Too long I've shown you love's violence
To lapse into a dull indifference.
Consider well: from now on, my heart,
If it must not love, must take hate's part.
I'll spare nothing in my righteous anger;
The son pays for the scorn of the mother;
Greece demands him; I'll not undertake
To waste my glory saving an ingrate.
This lays out the major choice that Andromache must make at the beginning of the play. Greece wants to murder her son because they fear the havoc he'll wreak in the future if he decides he wants to get revenge for the death of his father. They have asked Pyrrhus to give the boy to them, and he has refused. However, he doesn't actually care if Astyanax dies. He only wants to use the boy's life to convince Andromache to marry him. It doesn't matter that he is engaged to another, and that Andromache doesn't want him; he wants her, and to him, that justifies any choices or threats he makes.

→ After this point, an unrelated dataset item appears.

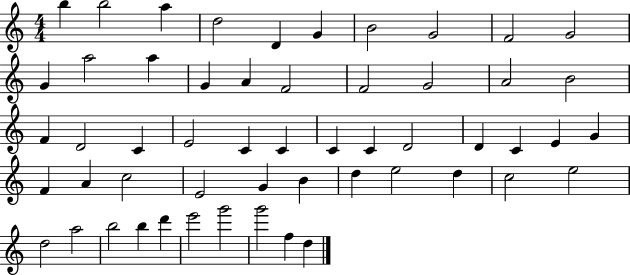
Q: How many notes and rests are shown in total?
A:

Hermione: Must one then credit every crazed lover?
Could you my deeper thought not discover?
Could you not see by my inner torment,
My heart spurred my speech in every moment?
Though I wished it, why must you then agree?
Did you have to make me say it endlessly?
Before the deed you came to question me,
To return again: or rather to avoid me?
Why not leave me then to my own vengeance!
After Oreste's men kill Pyrrhus, Hermione is distraught. Even though she worked against him during the play and was the one who convinced Oreste to kill him, she loved Pyrrhus. Without him alive, she feels despondent. She doesn't even want to be near Oreste, even though he did everything for her love. This is an example of how violence in the name of love is nothing but destructive. No one gets to end up happy when people are doing harmful things in the name of love. Instead, people are injured and conspire against each other, resulting in bloodshed, broken hearts, and madness.
Andromache: No, No, Cephisa, you must not follow.
To you I confide my dearest treasure:
If you'd live, live for this child of Hector.
Sole sanctuary of Trojan hopes now, think
How vital you'll prove to that line of kings.
Watch Pyrrhus closely; see that he stays true:
You may speak of me still, if you must do.
Make him value this marriage; in a breath,
Remind him I was bound to him by death.
That his resentment must now flee him,
That, leaving him my son, I esteem him.
Let our son know of our heroic past;
As soon as you can, lead him on that path.
Andromache ultimately decides that she can neither live with Pyrrhus nor see her son killed. She decides to give in, marry him, and then kill herself. She believes that Pyrrhus will be honorable enough to keep her son, his stepson by marriage, alive. Furthermore, she asks Cephisa to keep him safe and raise him to do what Greece fears he will do: grow up and seek revenge on behalf of the Trojans. Each of the characters loves someone they cannot have, and that is what ultimately leads to tragedy in their lives. Andromache especially doesn't have the chance to be with the person she loves because Hector is dead. She can't imagine a life without him; in the same way, Pyrrhus, Hermione, and Oreste all cannot imagine a life without the object of their affections.